• The Pound continues appreciating and reaches a 2, 1/2-month high at 1.1840.
  • UK GDP contracted less than expected in Q3.
  • The US Dollar remains under pressure on Fed easing hopes.

The pound has rallied for the second consecutive day against a battered US Dollar, to hit fresh two-week highs at 1.1840 so far. On the weekly chart, the pair is on track to a 4.8% rally in its best weekly performance in more than two years.

UK GDP contracts less than expected in Q3

Preliminary UK Gross Domestic Product has shown a 0.2% contraction in the third quarter, significantly above the -0.5% market consensus following a 0.2% advance in the previous quarter. Year on year, the UK economy slowed down to 2.4% from 4.4%, still better than the 2.1% reading anticipated by market analysts.

Although these figures confirm the Bank of England’s forecasts that the country is entering a lengthy recession, the market seems to have welcomed the data, which has allowed the pair to extend its sharp two-day rally.

On the other end, the US Dollar has extended its sell-off, triggered by the softer US inflation figures seen on Thursday, which has acted as a tailwind for the pair.

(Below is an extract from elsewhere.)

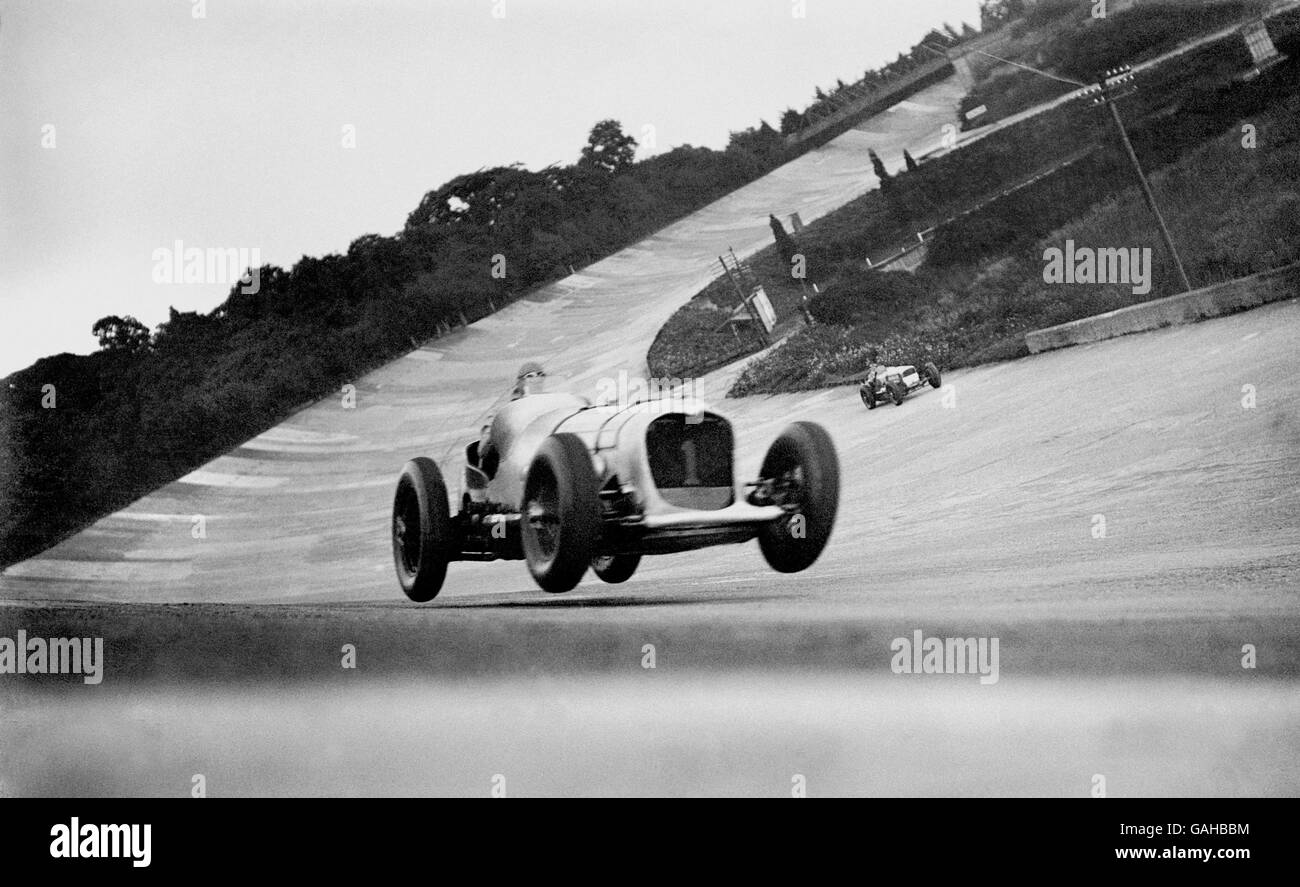Famous racing driver, John Cobb in his Napier Railton at speed during the 500 Miles Race at Brooklands. Stock Photo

US CPI slowed down to a 7.7% yearly rate in October, according to data from the US Bureau for Labor Statistics, well below market expectations of 8% and down from the 8.2% reading seen in September.

These data suggest that inflationary pressures may be easing, which has boosted expectations of a dovish shift by the US Federal Reserve over the coming months. This has crushed demand for the US and boosted world equity markets.

In a very thin US calendar, the Preliminary Michigan Consumer Sentiment Index anticipated a sharper-than-expected deterioration in November. Higher prices and concerns about the increasing interest rates are weighing on consumers’ confidence.